Antes de cada combate, los voceros recorrían el graderío dando la última oportunidad a los asistentes de efectuar sus apuestas y cada cinco filas, un miembro de la Guardia del Consulado se lucraba con los sobornos por mirar en otra dirección mientras se efectuaban los trapicheos.

Aquel ambiente asfixiaba a Berd; a su alrededor lo único que veía eran constantes exhibiciones de todo aquello que detestaba. La crueldad, la violencia, la depravación y los más bajos instintos de los que su raza podía hacer gala no faltaban a su cita semanal en el Gran Círculo; y no podía dejar de pensar que, en aquella ocasión, el motivo de tal acumulación de vileza era ver cómo su hijo mataba a un hombre.

Un tipo grueso de incipiente calva y bien vestido se abría paso a través de los espectadores. Se dirigía hacia donde Berd compartía asiento con dos de sus vecinos. Por fin llegó y les tendió la mano entre jadeos.

—Soy el Señor de Blama y he venido hasta aquí sólo para saludar al padre del futuro Campeón —dijo el Honesto Blama mientras se secaba el sudor de la frente—. Por lo que veo el muchacho es tu viva imagen, buen amigo —añadió dando una suave palmada en uno de los macizos hombros del segador.

Berd ya estaba acostumbrado a aquellas muestras de afecto por parte de desconocidos. Leitherial el Segador era un ídolo para los ciudadanos de Vardanire y el combate que se iba a celebrar en breve supondría su definitivo ascenso a las esferas más altas de la mitología popular. No se atrevía a pensar que pudiera ser de otro modo ya que eso significaría que Leith iba a morir aquel día.

—Los pronósticos se inclinan favorablemente hacia tu hijo —comentó Blama con el tono petulante que adoptaba cuando hablaba de lucha—. Yo mismo he apostado una importante suma.
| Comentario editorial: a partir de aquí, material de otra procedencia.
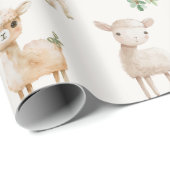 Niedliche Nutztiere Geschenkpapier (Rolleneckpunkt)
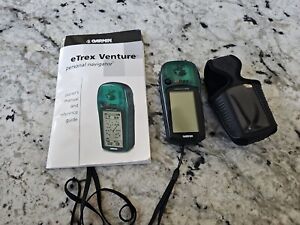 Garmin eTrex Venture GPS Complete with Carrying Case & Instructions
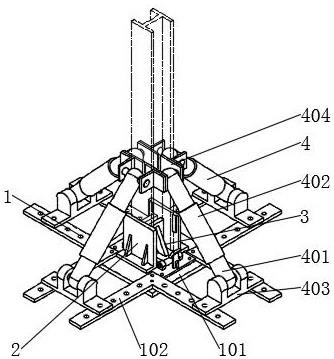 一种钢结构支撑底座的制作方法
El combate será largo pero al final, la fuerza y el vigor de la juventud se impondrán. Leitherial posee unos reflejos, una rapidez y una técnica excelentes. Me atrevería a afirmar que son herencia de familia.
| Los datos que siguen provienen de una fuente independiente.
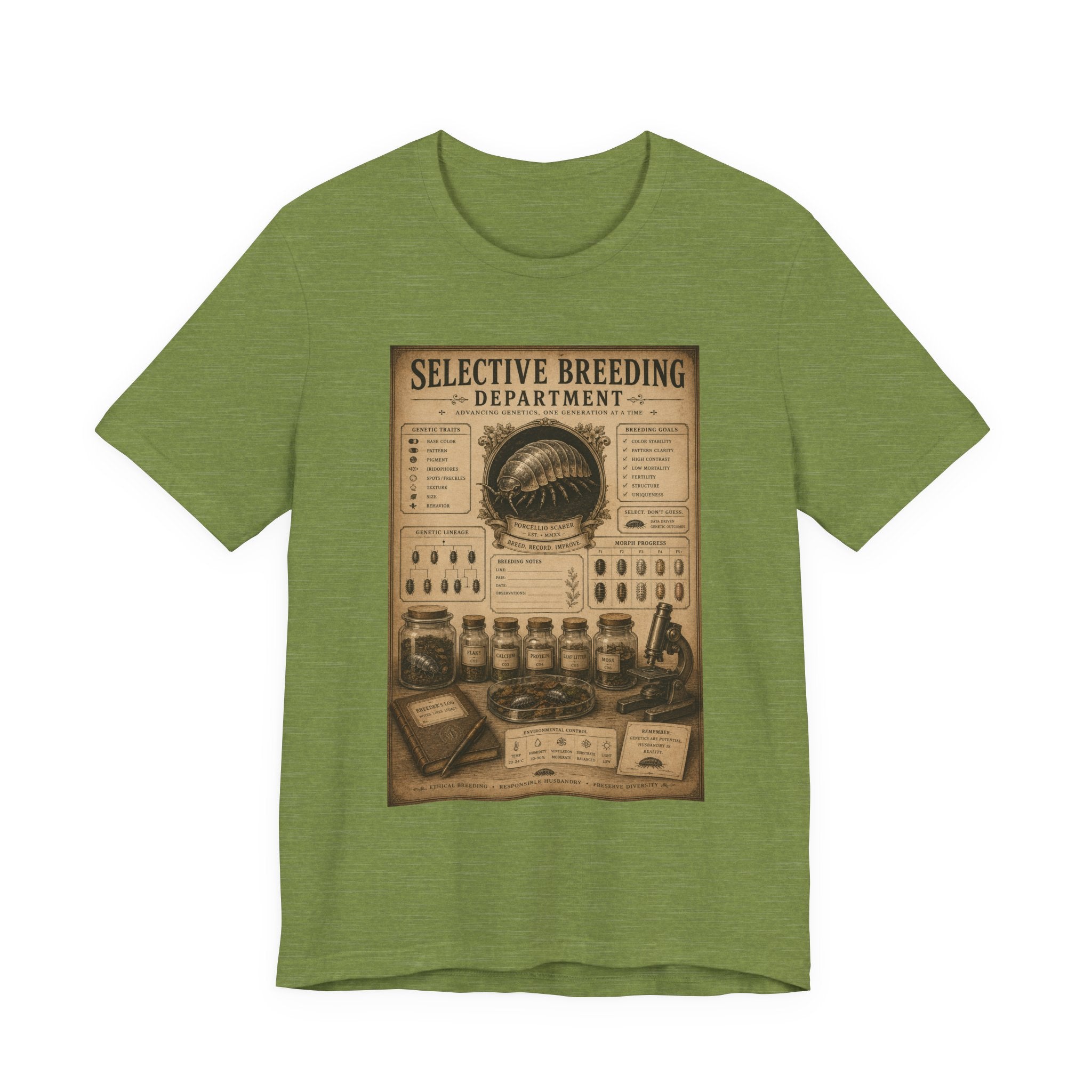 Selective Breeding Department T-Shirt — Vintage Science Illustration Tee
Berd esbozó una sonrisa de compromiso mientras mantenía la vista fija en el suelo. Había llegado a la conclusión de que lo mejor era asumir los halagos con cortesía; de ese modo los aduladores se daban antes por satisfechos y lo dejaban en paz. En esta ocasión funcionó.

—Ahora os dejo, amigos míos. He de volver a cruzar esta jungla humana para regresar a mi asiento, en la cuarta fila. —Blama matizó con orgullo la zona en la que se acomodaba—. Ha sido un gran placer para mí conversar contigo, Bard. A la conclusión del combate espero poder invitaros a ti y al Campeón a una copa del mejor vino, si es que el resto de sus admiradores lo permite —añadió con una sonrisa complaciente.
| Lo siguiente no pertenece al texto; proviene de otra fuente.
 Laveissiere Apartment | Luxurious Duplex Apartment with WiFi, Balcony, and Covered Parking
Y tras despedirse, comenzó su torpe descenso a través de la maraña de espectadores.

—Éste te ha llamado «Bard» —comentó Résbert, un enjuto segador al que Berd conocía desde hacía más de quince años.

—Si se esfuman rápido pueden llamarme como quieran —gruñó Berd cruzándose de brazos. En breve empezaría el combate y estaba más nervioso que nunca.

El Mariscal Hígemtar Dashtalian presidía Los Juegos acompañado por su joven esposa y su hermano menor. Llamaba la atención la ausencia del Cónsul estando en juego el título de Campeón de la provincia. Según decían se hallaba de visita diplomática en el vecino Rex-Preval, acompañado por la Dama Lehelia.

A una señal de Hígemtar, el Maestro de Ceremonias Tarharied procedió a las presentaciones.

—¡Ciudadanos de Vardanire! ¡En esta jornada gloriosa, el mismo Cónsul ha cedido su asiento al Grande que Todo lo Ve para que sea testigo directo del grandioso espectáculo que nos espera! —El hombrecillo hizo una pequeña pausa para deleitarse con los alaridos apasionados del público—. ¡En este día contemplaremos la forja de una leyenda! ¡Dos guerreros, cuyos nombres son ya temidos incluso más allá de las Aguas del Sur, compiten por saber cuál de ellos se asemeja más a un dios! ¡Hombres, tomad buena nota de vuestras infinitas carencias! ¡Mujeres, contened vuestros instintos con recato!